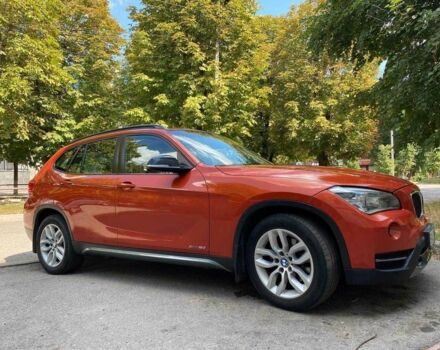 Оранжевый БМВ Х1, объемом двигателя 2 л и пробегом 236 тыс. км за 14000 $, фото 1 на Automoto.ua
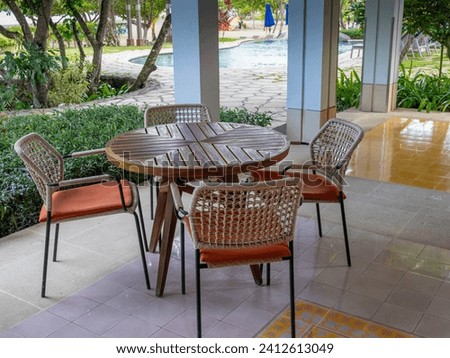 A coffee table set with one circular wooden table and four simple armchairs set up at a clean terrace overseeing a tidy garden by the beach and pool.
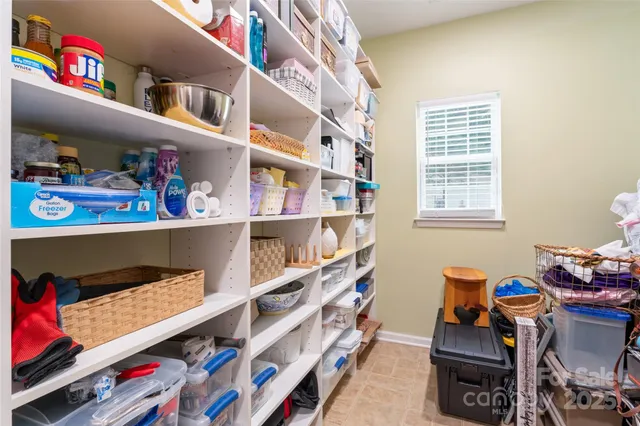 a room with furniture and a book shelf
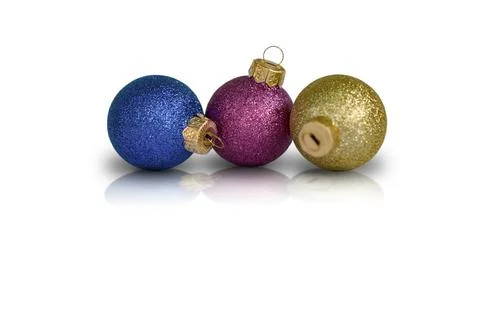 Three multi-colored Christmas balls on a white background. Isolate Stock Photos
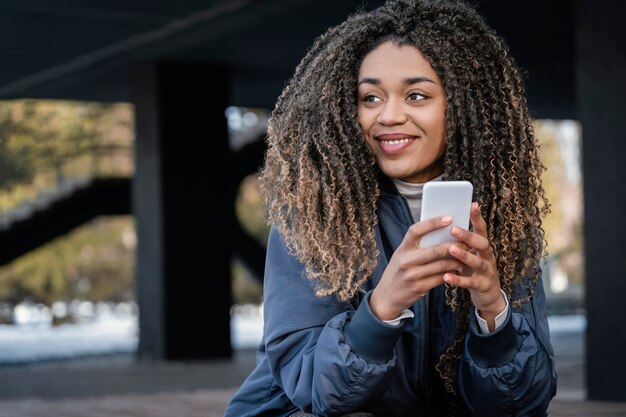 Portrait young beautiful woman using mobile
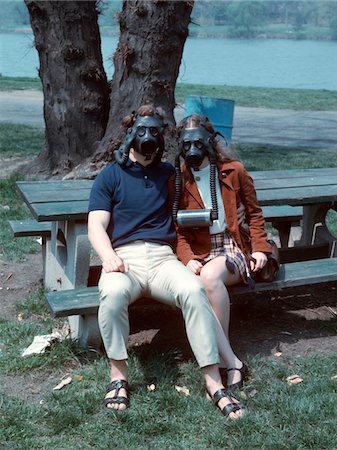 simsearch:846-02797081,k - ANNÉES 1970 JEUNE COUPLE ASSIS SUR BANC DE PARC PORTANT DES MASQUES À GAZ Photographie de stock - Rights-Managed, Code: 846-05647500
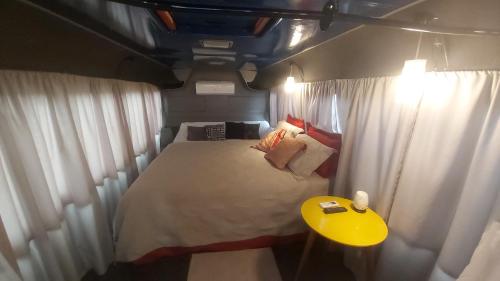 a small bedroom with a bed and a yellow table at LolosaBUS - Não é apenas uma hospedagem e sim uma EXPERIÊNCIA! in Ubatuba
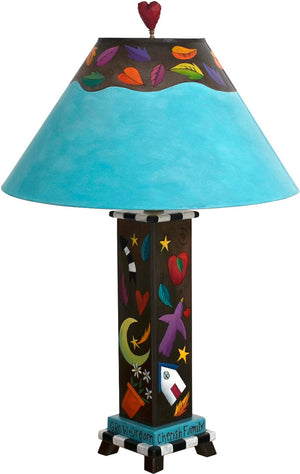 Box Table Lamp –  Contemporary and colorful table lamp with floating symbolic icons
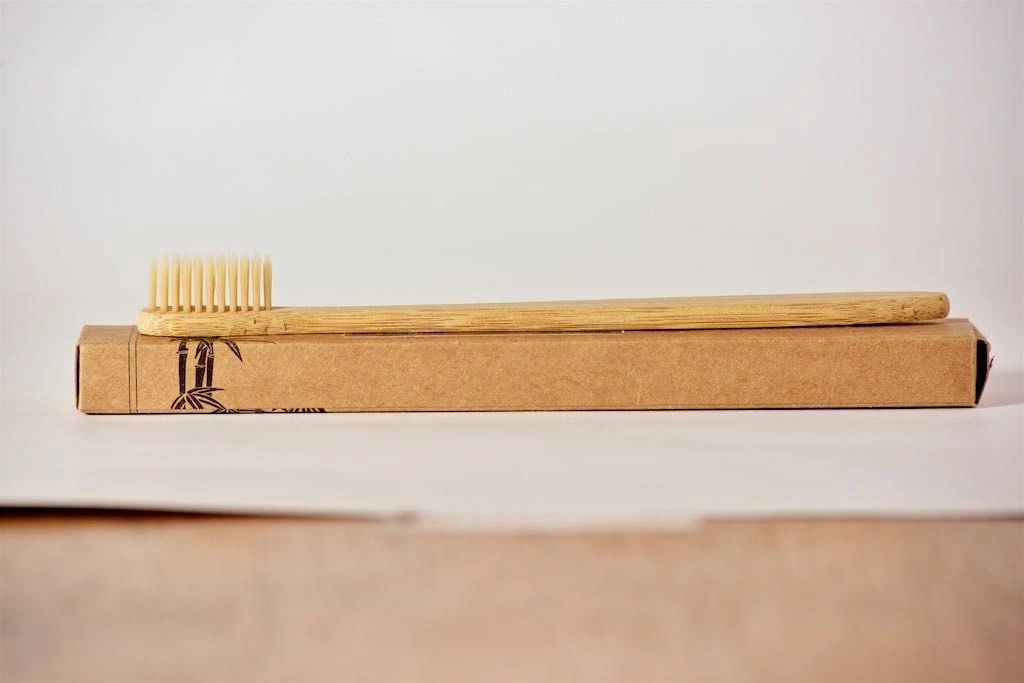 Eco-friendly bamboo toothbrush with soft nylon bristles, featuring a non-slip handle and a delicate design.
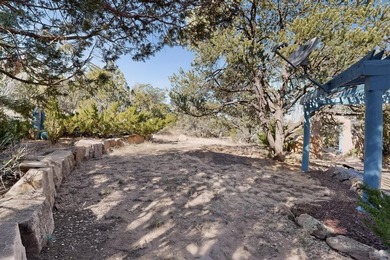 Surrounded by the open skies and hills of Canoncito, this - photo 33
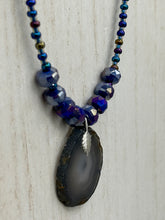 Load image into Gallery viewer, This Dark Gray-blue Agate Geode Sliced Stone Chip Necklace is a unique, eye-catching accessory to elevate your jewelry collection. The bold pendant features a striking gray-blue agate geode surrounded by eye-catching, shimmery dark-purple glass beads with beautiful iridescence that reflects hues of blue, pink, gold, and green. It's a perfect boho chic accent to update any look.   Measurements:   Necklace is 18” in length - pendant is 1 1/4” Height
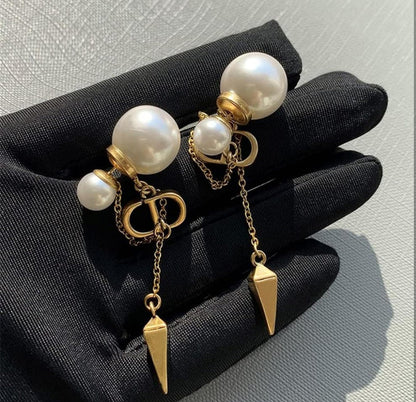 CD logo earrings with chain connect to pearl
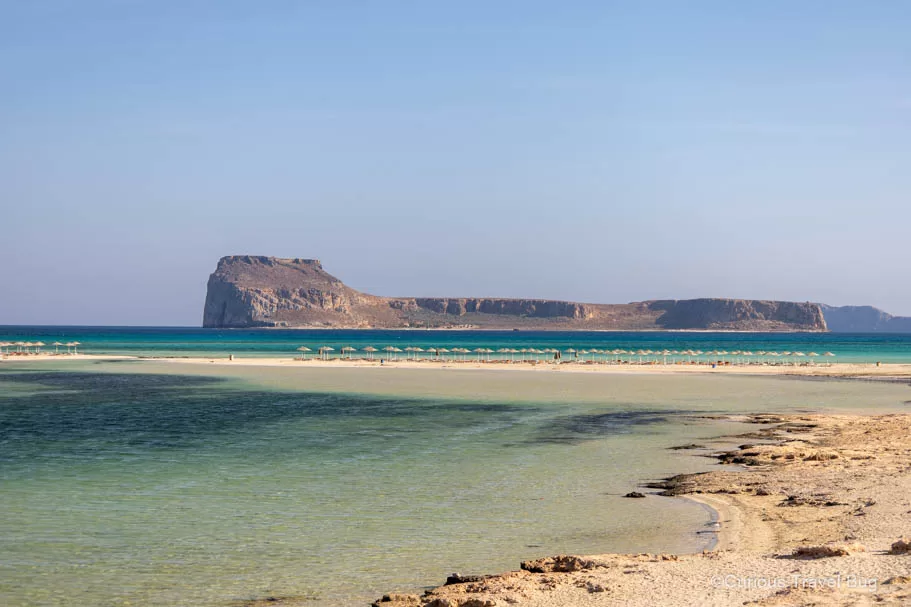 View of Balos Lagoon with loungers and umbrellas with Gramvousa Island in the background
--------------------------------------------------
What the task asks ::
Every line above in the stretch from the one with "A coffee table" through the one with "CD logo earrings with chain connect to pearl" is to be transcribed exactly, ends included. No picture is copied.

Task solution ::
 A coffee table set with one circular wooden table and four simple armchairs set up at a clean terrace overseeing a tidy garden by the beach and pool.
 a room with furniture and a book shelf
 Three multi-colored Christmas balls on a white background. Isolate Stock Photos
 Portrait young beautiful woman using mobile
 simsearch:846-02797081,k - ANNÉES 1970 JEUNE COUPLE ASSIS SUR BANC DE PARC PORTANT DES MASQUES À GAZ Photographie de stock - Rights-Managed, Code: 846-05647500
 a small bedroom with a bed and a yellow table at LolosaBUS - Não é apenas uma hospedagem e sim uma EXPERIÊNCIA! in Ubatuba
 Box Table Lamp –  Contemporary and colorful table lamp with floating symbolic icons
 Eco-friendly bamboo toothbrush with soft nylon bristles, featuring a non-slip handle and a delicate design.
 Surrounded by the open skies and hills of Canoncito, this - photo 33
 Load image into Gallery viewer, This Dark Gray-blue Agate Geode Sliced Stone Chip Necklace is a unique, eye-catching accessory to elevate your jewelry collection. The bold pendant features a striking gray-blue agate geode surrounded by eye-catching, shimmery dark-purple glass beads with beautiful iridescence that reflects hues of blue, pink, gold, and green. It's a perfect boho chic accent to update any look.   Measurements:   Necklace is 18” in length - pendant is 1 1/4” Height
 CD logo earrings with chain connect to pearl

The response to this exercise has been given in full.